Contribution of response history to bar-evoked responses. (A) Relationship between response history and left/right response differences. Each data point relates the response margin between left and right bar responses (x-axis) with left and right pre-bar responses (y-axis). The upper and lower insets show examples of RF contents during penultimate fixations to the left or right, respectively, of the final fixation point. Two points are plotted for each cell in the population, one each for saccade and flash conditions. The dashed line shows the best linear fit through all data points. Cells with higher responses on the penultimate fixation tend to have lower responses to the final bar stimulus. The gray boxes highlight the disproportionate number of points in the upper left and lower right quadrants. (B) Relationship between response history and saccade/flash response differences. Each data point relates the RM between saccade and flash bar responses (x-axis) with saccade and flash pre-bar responses (y-axis), for conditions with the natural image background. Two points are plotted for each cell in the population, one each for trials started with saccades from the left and right. Open symbols are plotted when saccade and flash bar responses were significantly different. The dashed line shows the best linear fit through all data points. There is a mild but highly significant correlation such that greater response differences on penultimate fixations in flash and saccade conditions are associated with smaller response differences to the bar stimulus on the final fixation.

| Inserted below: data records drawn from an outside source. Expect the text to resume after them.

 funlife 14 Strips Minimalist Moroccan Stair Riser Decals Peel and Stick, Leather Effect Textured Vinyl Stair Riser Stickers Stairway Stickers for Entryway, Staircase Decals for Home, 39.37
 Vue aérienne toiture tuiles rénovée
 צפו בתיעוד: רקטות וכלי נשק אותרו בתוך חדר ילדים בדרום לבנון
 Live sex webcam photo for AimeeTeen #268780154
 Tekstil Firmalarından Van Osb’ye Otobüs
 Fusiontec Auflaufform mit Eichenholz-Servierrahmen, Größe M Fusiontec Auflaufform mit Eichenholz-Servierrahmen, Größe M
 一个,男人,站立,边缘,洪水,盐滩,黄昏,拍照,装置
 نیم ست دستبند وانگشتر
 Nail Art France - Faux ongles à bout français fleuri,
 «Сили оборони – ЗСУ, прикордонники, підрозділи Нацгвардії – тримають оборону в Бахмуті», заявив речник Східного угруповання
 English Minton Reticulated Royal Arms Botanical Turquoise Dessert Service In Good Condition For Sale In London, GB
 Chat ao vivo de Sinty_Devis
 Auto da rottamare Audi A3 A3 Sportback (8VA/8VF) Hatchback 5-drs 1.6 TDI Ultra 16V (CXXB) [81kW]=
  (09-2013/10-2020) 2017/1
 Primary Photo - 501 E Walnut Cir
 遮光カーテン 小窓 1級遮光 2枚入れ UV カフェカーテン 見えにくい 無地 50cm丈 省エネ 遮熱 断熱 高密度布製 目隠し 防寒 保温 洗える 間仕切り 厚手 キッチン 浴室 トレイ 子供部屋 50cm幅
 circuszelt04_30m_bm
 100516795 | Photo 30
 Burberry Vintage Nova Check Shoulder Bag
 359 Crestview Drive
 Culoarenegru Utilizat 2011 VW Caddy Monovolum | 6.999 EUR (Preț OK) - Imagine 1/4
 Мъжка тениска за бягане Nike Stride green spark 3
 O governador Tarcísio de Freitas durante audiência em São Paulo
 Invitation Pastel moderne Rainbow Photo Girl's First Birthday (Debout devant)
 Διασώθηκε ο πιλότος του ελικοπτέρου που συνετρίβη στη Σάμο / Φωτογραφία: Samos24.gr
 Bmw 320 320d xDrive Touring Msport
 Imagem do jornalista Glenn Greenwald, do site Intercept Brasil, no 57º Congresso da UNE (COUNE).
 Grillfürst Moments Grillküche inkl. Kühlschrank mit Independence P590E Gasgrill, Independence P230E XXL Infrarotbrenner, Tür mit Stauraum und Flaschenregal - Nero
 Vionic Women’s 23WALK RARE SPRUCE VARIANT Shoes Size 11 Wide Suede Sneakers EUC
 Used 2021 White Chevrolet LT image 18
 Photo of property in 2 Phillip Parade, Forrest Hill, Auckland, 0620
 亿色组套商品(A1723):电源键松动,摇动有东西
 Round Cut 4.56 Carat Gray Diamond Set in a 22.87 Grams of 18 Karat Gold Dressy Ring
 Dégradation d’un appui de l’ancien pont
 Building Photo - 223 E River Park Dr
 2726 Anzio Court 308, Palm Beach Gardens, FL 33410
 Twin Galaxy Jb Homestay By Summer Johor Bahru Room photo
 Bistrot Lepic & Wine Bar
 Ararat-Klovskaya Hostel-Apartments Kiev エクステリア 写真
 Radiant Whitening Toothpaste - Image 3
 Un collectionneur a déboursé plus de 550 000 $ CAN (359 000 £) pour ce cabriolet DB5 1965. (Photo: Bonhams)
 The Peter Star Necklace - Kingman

Figure 10A is a scatter plot of pre-bar RMs versus bar RMs derived from both saccade and flash conditions for all cells. For each cell, RMs for flash and saccade conditions are plotted separately. Points in the upper half of the graph represent bar RMs above zero and indicate higher bar responses in the left than right saccade condition. Points on the right side of the graph represent pre-bar RMs above zero and indicate higher responses on the preceding fixation in the left than right saccade condition. To determine the contribution of differential response histories to left-right bar response differences, we performed a linear regression through the points in Figure 10A with pre-bar RM as the independent variable. Although the proportion of variation in bar RMs explained by pre-bar RMs is small (R2 = 0.03), the slope of the regression line is significantly less than zero (p = 0.04). This negative relationship is consistent with visual inspection of the scatter plot, which reveals a majority of data points in the upper left and lower right quadrants. Consistent with the standard view of neuronal adaptation, responses to the bar stimulus tended to be higher when preceded by relatively weak pre-bar activity, and vice-versa.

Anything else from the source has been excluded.